Addressing Lower Back Pain

Lower back pain

From Rhod:

I have been living with lower back pain for the last 20+ years of my life and I thought I would share some of the pertinent points I have learned over these last 2 decades with you. This process has been one of trial and error. The information you are about to read is by no means a clinical assessment and is not intended to diagnose or treat any issues you have. It is simply a recollection of the things I have done (and not done) and had some success with. Know this, low back pain can come from a multitude of causes but I am specifically referring to the chronic, deep, dull ache that has plagued me for too long. Over the years I have made visits with physiotherapists, chiropractors, osteopaths, medical doctors, massage therapists, acupuncturists, physical therapists…… the list goes on. None, I repeat none have solved the issue. I have been told I have excessive spinal curvature, a leg length discrepancy, muscular imbalances etc. and have followed all protocols given to me by these practitioners to no avail. Why am I telling you this? Just because a supposed expert in the field says you have an issue due to x, y and z, be skeptical. No one knows your body better than you. Do your own research; experiment at home with self help techniques before parting with hundreds if not thousands of dollars. Find out what works for you and keep doing that. The human body is a highly complex structure and no two are the same. It is so easy for practitioners to ramble on about things that can cause your lower back pain and we swallow the pill whole. When it boils down to it, even after running preliminary functional tests, it is still their best (not always) guess. When a podiatrist (who was working alongside my osteopath) made a custom orthotic for my diagnosed leg length discrepancy, I found out 5 years later that I didn’t need it and my hips had shifted to accommodate said lift which exacerbated my problems. Needless to say I had a sacrificial burning of that lift and that osteopath who misdiagnosed the leg length discrepancy better hope I never meet him in a dark alley.
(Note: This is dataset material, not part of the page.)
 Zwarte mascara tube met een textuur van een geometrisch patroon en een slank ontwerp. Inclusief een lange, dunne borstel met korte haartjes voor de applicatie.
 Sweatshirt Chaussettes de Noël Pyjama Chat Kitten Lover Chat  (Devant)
Here is just a sample of the myriad of issues that could cause low back pain….

Weak musculature, improper footwear, sitting down for too long, traumatic injury, tight glutes, tight hamstrings, tight piriformis, tight iliacus, tight psoas, weak multifudus, herniated discs, weak abdominals, active trigger points, chronic muscular dysfunction, tight quadratas lumborum (QL), leg length discrepancy, kyphosis, lordosis, scoliosis, improper muscular firing sequences, ischemia, strain, sprain, chronic muscle fatigue, chronic shortening of musculature, improper mechanics, muscle atrophy, improper gait, muscle contractile imbalance, scar tissue, over exertion……….. You see what I mean. I’m no expert but there are probably a 101 more reasons to add to this list. You now see how easy it is for experts to palm your issues off to any number of potential issues. It doesn’t mean they are wrong but it doesn’t necessarily mean they are right either!

I have since come to believe that my salvation and a life free of chronic back pain doesn’t lie in the hands of the experts, it categorically lies in my own hands. There is no one procedure, muscular stretch, massage or one needle that can solve the problem. All of those modalities can and should be used, but the reason that there is a physical therapy clinic on every corner is that we lack the motivation and discipline to do what needs to be done ourselves. 90% of all modalities prescribed and utilized by these clinics can just as easily be done at home.
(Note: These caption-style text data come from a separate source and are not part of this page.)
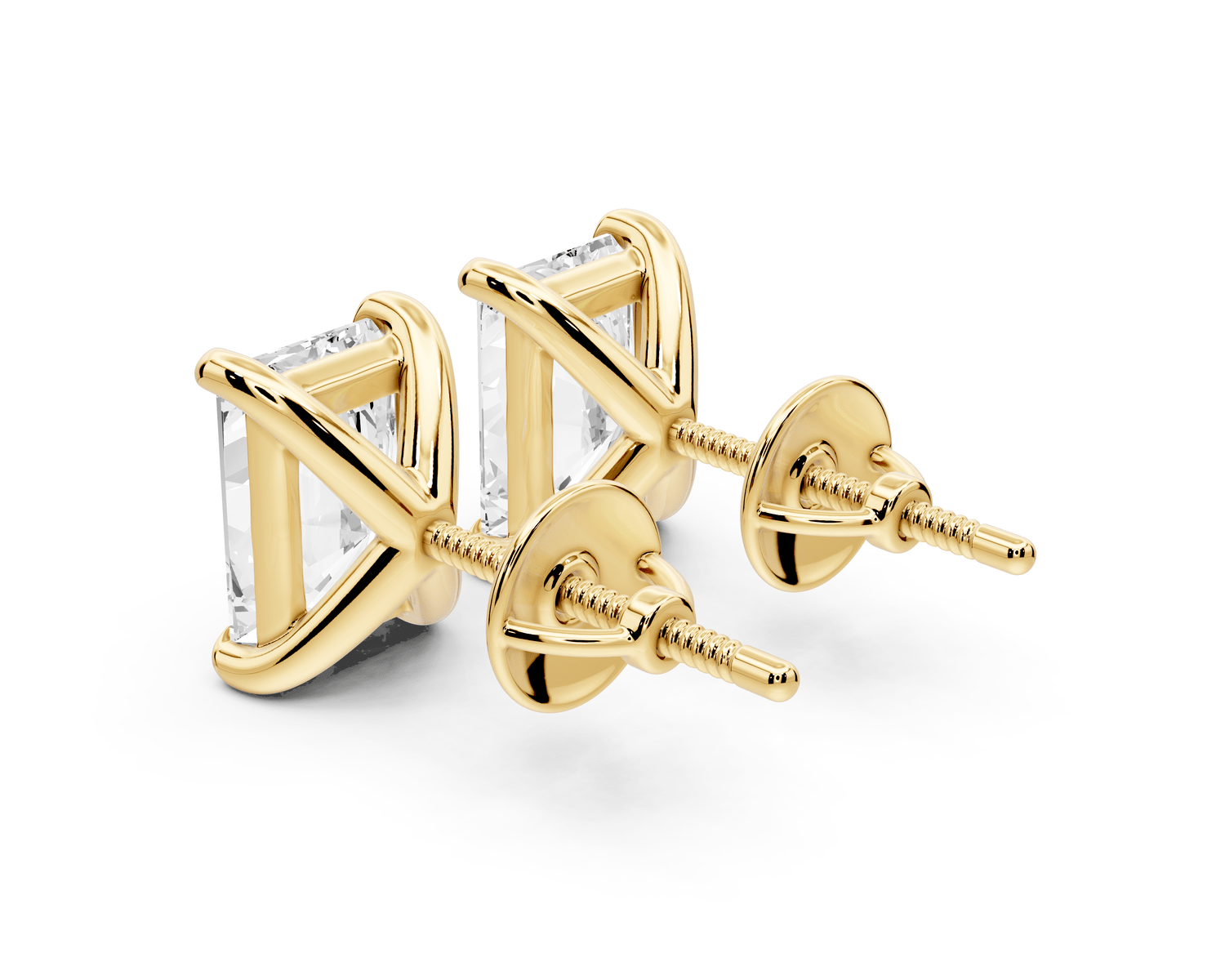 Aura - 4ct 14k yellow gold Radiant - Cut Diamond Stud Earrings - Mr. Alex Jewelry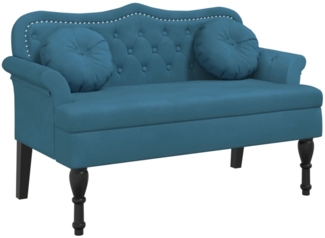 vidaXL Sitzbank mit Kissen Blau 120,5x65x75 cm Samt 372148
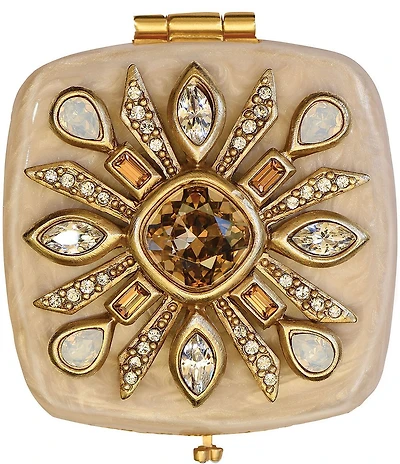 Jay Strongwater Schuyler Maltese Bejeweled Double-Sided Square Compact Mirror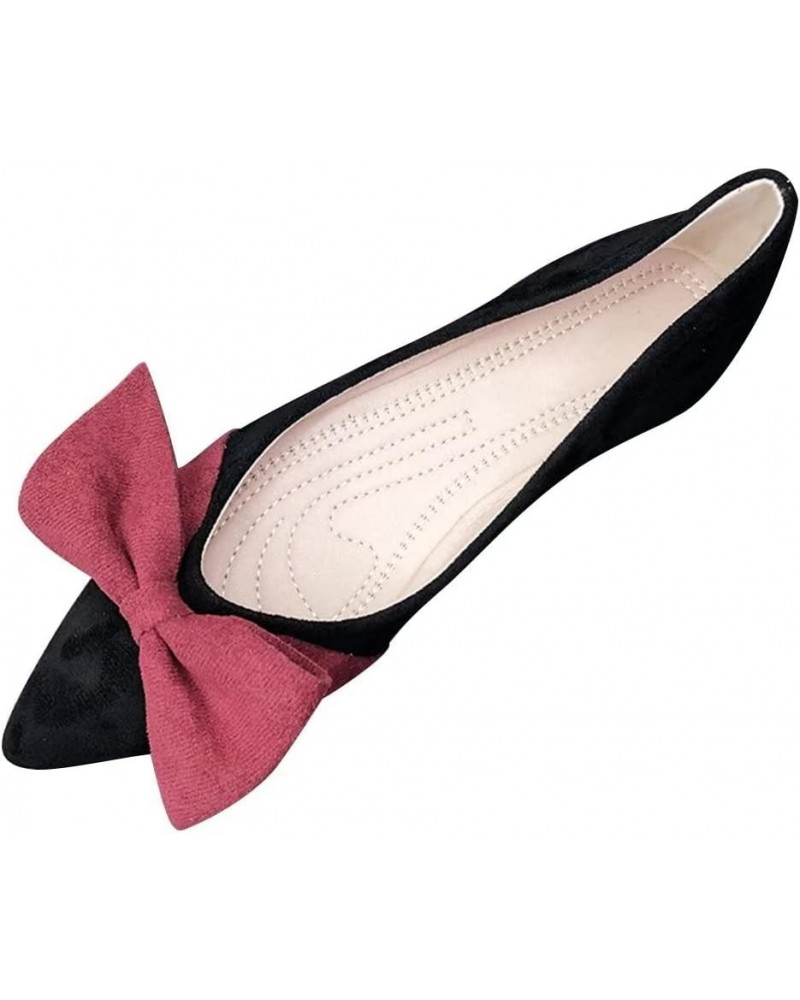 Bowknot Pointed Toe Ballet Flats for Women Comfort Slip-On Work Flats Suede Solid Dress Shoes B-black $16.65 Flats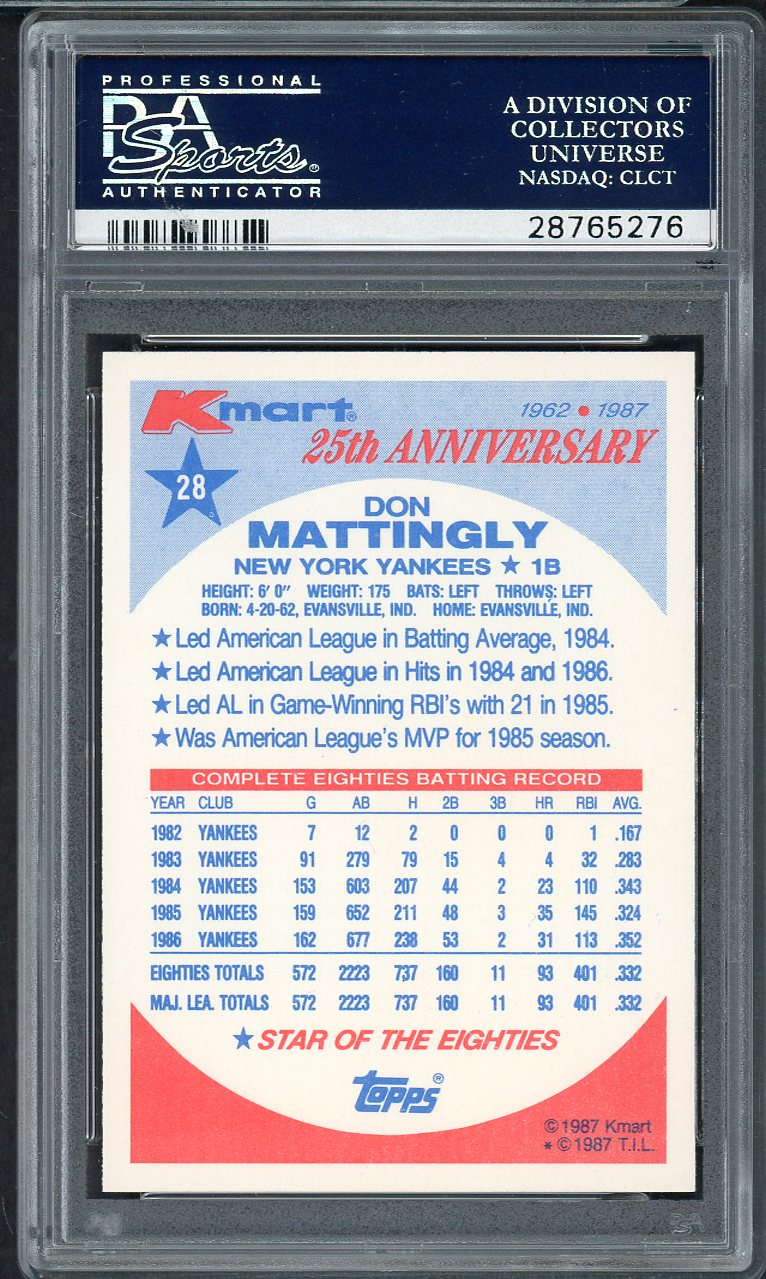 1987 KMart #028 Don Mattingly Yankees PSA 10 GEM MINT 562156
My own self discipline and hence my own self-care recently has been abysmal. As a result, there has been a significant increase in my hip dysfunction and hence a marked increase in lower back pain. Currently I have to stretch for a minimum of 2 hours a day. (It’s not a case of choice. If I don’t do it, I will slowly be looking like I am trying to reverse Darwin’s theory of evolution and reverting back to walking like an ape). I focus on stretching every muscle related to the low back, but I pay special attention to my QL, psoas and iliacus which have been dubbed “the great pranksters” by many experts as the pain is often referred and difficult to pinpoint. If you have that deep dull ache in your low back (T-12 thru your sacrum) focusing on lengthening and strengthening your iliopsoas is key. Static stretching for chronic shortening and hence pain has showed to be less effective than active isolated stretching (AIS) which basically means you move the muscle into stretched position and hold for 2 seconds only then to return the muscle to its normal state of being and repeat for a set number of cycles. This technique does not activate the stretch reflex response in the muscle body and therefore allows for faster muscle accommodation and inevitable lengthening, which is our ultimate goal.

In conclusion, don’t merely ignore the issue you have in your lower back. Create a daily stretching regimen and do it every day of your life. This is the only way you will be pain free. If it comes to that time that you feel you have to see a doctor or a physical therapist, you have simply fallen off the wagon and need to get back on. They will temporarily fix you but it is building a habit around stretching to achieve spinal and hip mobility which in turn allows you to perform activities of daily living pain free and help you achieve that athletic edge that maybe has eluded you. Good luck.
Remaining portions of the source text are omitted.